*How to complete this task:* Look through the lines below for the word "Vector", and copy every line that has it.

*Extracted information:*
= = = =

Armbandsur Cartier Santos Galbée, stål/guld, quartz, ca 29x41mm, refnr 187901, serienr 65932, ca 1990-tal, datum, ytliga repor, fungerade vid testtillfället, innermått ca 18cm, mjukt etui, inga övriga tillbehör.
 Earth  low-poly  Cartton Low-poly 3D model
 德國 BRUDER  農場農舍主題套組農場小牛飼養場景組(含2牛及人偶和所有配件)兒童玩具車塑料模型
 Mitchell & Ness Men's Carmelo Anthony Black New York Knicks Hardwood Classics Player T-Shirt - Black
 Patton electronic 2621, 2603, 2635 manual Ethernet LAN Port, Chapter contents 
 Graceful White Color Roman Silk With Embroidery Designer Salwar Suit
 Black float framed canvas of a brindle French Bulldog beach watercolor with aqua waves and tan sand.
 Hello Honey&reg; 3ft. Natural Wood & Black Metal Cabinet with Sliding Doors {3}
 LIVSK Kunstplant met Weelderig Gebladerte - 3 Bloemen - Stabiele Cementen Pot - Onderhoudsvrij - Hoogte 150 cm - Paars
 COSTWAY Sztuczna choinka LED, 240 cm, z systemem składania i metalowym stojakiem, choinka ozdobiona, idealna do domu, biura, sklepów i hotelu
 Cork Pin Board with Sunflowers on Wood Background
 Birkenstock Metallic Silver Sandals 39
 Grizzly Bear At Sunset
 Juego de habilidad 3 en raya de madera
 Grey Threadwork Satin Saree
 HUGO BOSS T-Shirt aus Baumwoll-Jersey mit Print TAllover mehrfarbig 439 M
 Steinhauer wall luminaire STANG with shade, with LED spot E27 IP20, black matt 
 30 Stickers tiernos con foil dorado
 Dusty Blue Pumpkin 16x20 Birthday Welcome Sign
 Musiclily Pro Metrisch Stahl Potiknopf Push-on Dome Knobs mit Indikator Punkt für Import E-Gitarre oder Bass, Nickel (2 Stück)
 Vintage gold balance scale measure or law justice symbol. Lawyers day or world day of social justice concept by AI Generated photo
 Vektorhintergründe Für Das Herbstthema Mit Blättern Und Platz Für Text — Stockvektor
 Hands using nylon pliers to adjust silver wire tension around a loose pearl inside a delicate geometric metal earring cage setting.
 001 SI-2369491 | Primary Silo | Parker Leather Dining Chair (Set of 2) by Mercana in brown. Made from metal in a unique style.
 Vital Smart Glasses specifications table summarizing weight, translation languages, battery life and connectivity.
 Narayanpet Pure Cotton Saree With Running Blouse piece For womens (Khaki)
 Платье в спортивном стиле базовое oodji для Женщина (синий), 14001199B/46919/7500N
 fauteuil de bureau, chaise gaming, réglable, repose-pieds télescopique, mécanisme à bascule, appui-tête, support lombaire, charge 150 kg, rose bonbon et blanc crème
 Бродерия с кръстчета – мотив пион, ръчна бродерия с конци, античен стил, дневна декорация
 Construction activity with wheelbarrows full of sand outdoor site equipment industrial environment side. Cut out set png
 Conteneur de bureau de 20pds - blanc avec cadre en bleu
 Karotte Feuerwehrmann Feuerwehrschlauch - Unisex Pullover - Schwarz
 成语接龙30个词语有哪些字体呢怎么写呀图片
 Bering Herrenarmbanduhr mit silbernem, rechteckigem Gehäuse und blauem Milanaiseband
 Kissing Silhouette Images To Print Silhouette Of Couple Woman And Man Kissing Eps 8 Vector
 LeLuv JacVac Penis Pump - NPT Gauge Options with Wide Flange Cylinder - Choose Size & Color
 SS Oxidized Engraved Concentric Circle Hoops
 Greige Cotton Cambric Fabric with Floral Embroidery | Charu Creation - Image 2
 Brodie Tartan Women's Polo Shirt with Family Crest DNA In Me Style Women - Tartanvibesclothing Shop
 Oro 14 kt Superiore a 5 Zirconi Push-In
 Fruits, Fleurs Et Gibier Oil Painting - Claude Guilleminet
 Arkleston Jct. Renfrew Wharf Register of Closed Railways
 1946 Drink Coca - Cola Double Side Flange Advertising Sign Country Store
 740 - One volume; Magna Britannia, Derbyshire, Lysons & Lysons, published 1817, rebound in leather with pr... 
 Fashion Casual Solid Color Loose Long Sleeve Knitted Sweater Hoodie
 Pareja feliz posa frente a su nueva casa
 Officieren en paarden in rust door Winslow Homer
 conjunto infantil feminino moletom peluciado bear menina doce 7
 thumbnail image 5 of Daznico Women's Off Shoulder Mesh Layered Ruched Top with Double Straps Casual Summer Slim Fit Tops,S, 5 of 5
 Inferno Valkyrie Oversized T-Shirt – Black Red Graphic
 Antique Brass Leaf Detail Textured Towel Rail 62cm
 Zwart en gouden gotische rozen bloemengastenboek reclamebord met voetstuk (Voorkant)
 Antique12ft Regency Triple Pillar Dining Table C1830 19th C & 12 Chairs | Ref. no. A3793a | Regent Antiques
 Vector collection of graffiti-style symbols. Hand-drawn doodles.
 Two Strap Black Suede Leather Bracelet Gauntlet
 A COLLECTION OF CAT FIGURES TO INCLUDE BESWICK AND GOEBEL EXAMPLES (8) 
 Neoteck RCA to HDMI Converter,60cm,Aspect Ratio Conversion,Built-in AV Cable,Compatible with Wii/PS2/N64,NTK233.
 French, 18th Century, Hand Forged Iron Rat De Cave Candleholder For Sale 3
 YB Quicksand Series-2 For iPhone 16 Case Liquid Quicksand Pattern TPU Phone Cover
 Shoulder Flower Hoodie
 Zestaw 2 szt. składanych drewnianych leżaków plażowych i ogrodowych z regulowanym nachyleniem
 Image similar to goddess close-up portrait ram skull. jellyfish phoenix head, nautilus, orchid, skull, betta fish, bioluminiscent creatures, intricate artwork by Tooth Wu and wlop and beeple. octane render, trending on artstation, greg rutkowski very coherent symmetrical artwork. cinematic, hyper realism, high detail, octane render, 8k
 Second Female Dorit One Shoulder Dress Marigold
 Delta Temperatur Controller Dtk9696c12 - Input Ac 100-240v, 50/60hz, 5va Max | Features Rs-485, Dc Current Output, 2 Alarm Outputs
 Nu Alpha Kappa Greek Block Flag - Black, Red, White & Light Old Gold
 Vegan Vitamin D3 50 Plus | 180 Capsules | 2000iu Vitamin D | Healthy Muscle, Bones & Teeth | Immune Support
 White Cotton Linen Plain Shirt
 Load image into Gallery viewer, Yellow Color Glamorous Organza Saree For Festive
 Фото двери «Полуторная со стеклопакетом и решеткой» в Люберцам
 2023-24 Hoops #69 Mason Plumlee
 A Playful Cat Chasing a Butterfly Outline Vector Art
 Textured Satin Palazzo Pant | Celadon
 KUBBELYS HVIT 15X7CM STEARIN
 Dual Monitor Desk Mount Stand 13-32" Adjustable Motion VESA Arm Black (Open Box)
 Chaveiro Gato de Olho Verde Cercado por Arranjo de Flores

= = = =

*Written response:*
 Kissing Silhouette Images To Print Silhouette Of Couple Woman And Man Kissing Eps 8 Vector
 Vector collection of graffiti-style symbols. Hand-drawn doodles.
 A Playful Cat Chasing a Butterfly Outline Vector Art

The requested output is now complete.